**Data provided**:
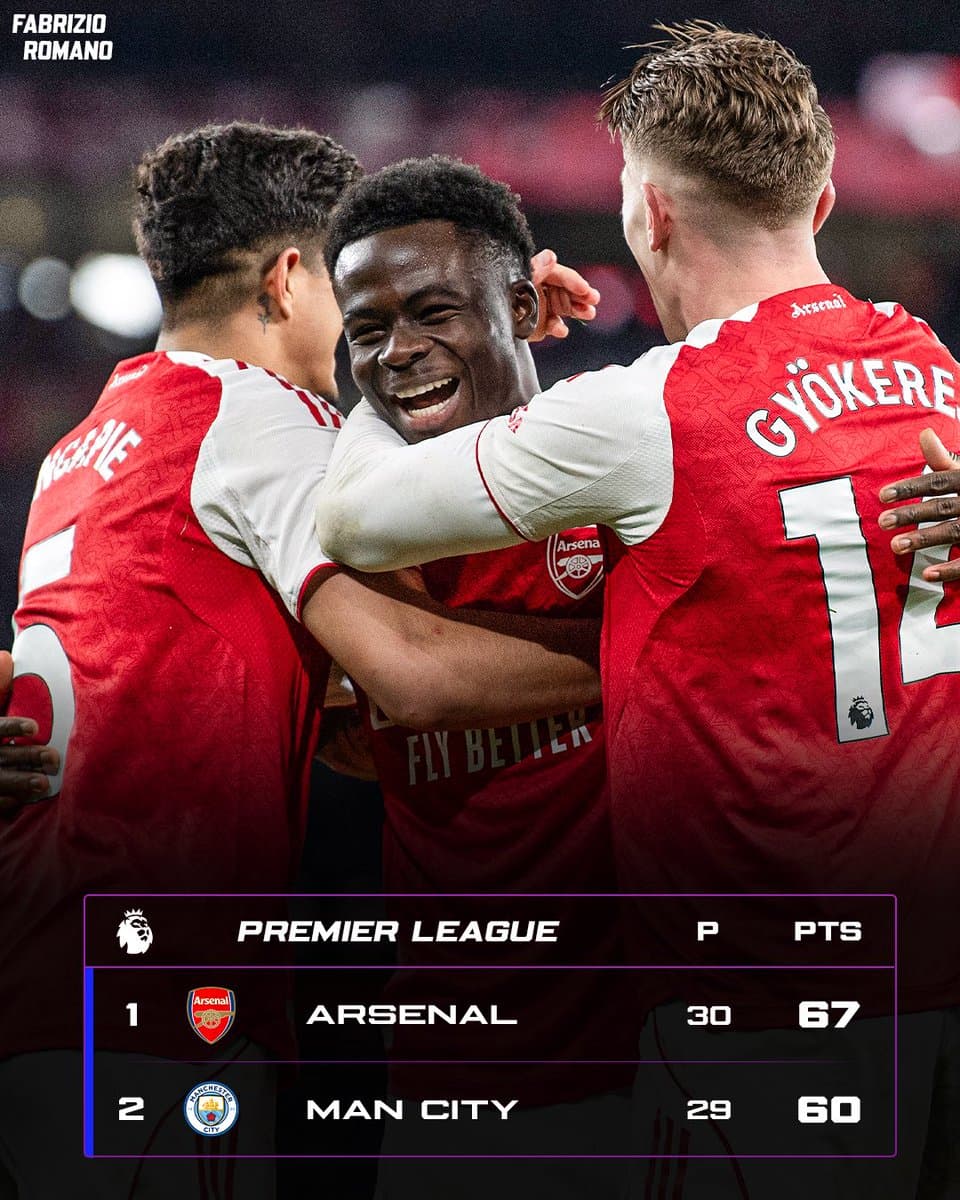 Premier League Champion Prediction Sparks Heated Debate Among Football Fans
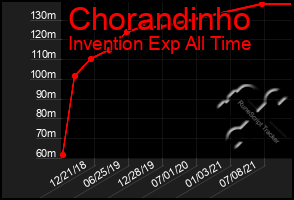 Total Graph of Chorandinho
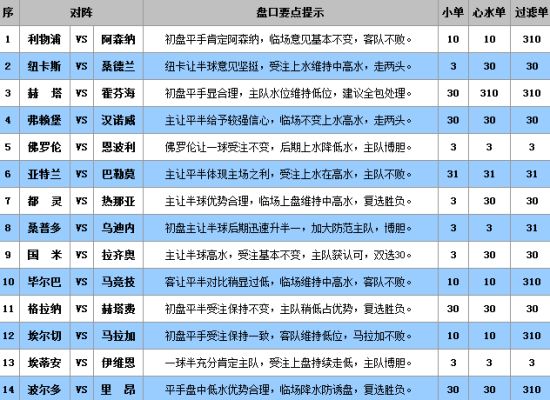 澳彩公證處一碼三中三，專業(yè)、公正、高效的彩票服務(wù)體驗(yàn)，澳彩公證處，專業(yè)、公正、高效的一站式彩票服務(wù)體驗(yàn)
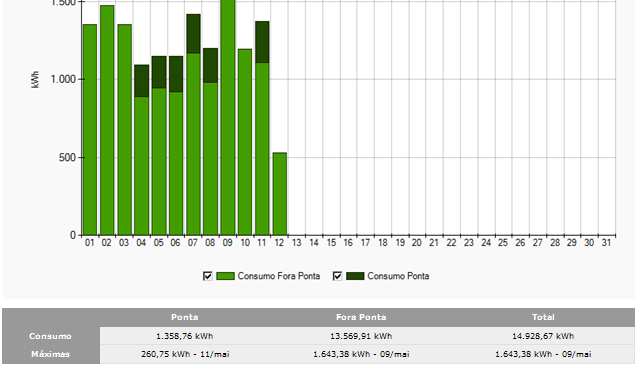 Gráficos > Seguem abaixo exemplos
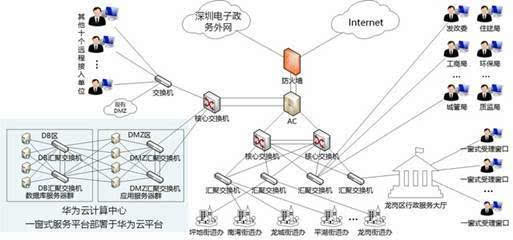 龍崗區全面推進“一窗式”服務，開啟政務服務與信息服務業務融合新篇章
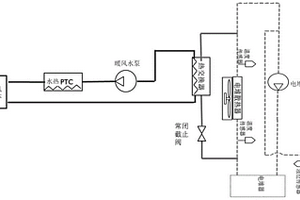 新能源汽車(chē)的熱管理系統(tǒng)、方法和具有熱管理系統(tǒng)的汽車(chē)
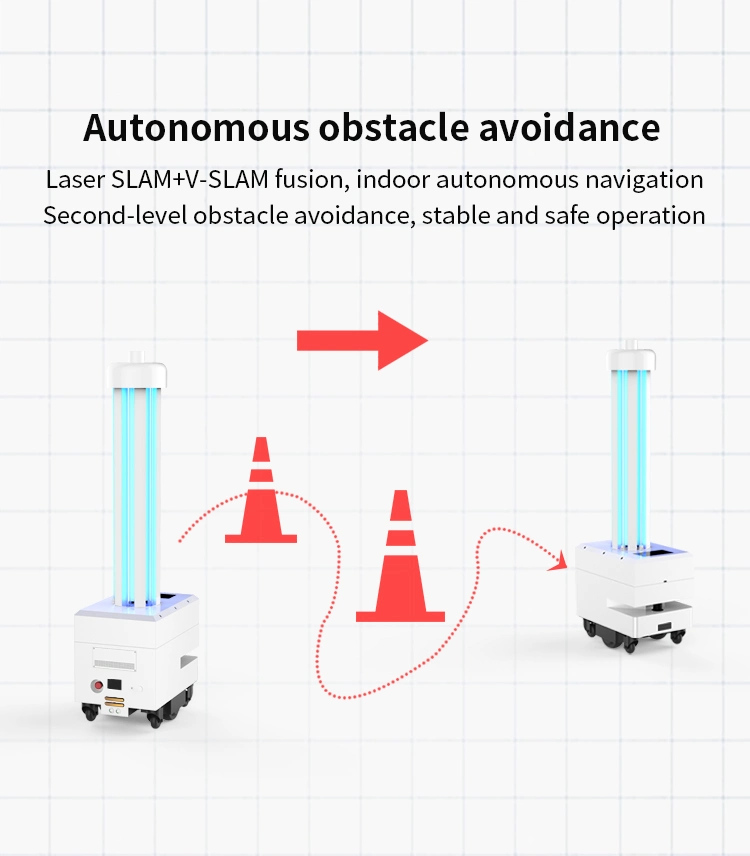 Germicidal UV Lamp Disinfection Robot Phone Sanitizer LED UV-C Disinfection None Tuch UVC Sterilizing Robot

**What is required**: Please set down each entry word for word, without its images.

**Answer to this problem**:
 Premier League Champion Prediction Sparks Heated Debate Among Football Fans
 Total Graph of Chorandinho
 澳彩公證處一碼三中三，專業(yè)、公正、高效的彩票服務(wù)體驗(yàn)，澳彩公證處，專業(yè)、公正、高效的一站式彩票服務(wù)體驗(yàn)
 Gráficos > Seguem abaixo exemplos
 龍崗區全面推進“一窗式”服務，開啟政務服務與信息服務業務融合新篇章
 新能源汽車(chē)的熱管理系統(tǒng)、方法和具有熱管理系統(tǒng)的汽車(chē)
 Germicidal UV Lamp Disinfection Robot Phone Sanitizer LED UV-C Disinfection None Tuch UVC Sterilizing Robot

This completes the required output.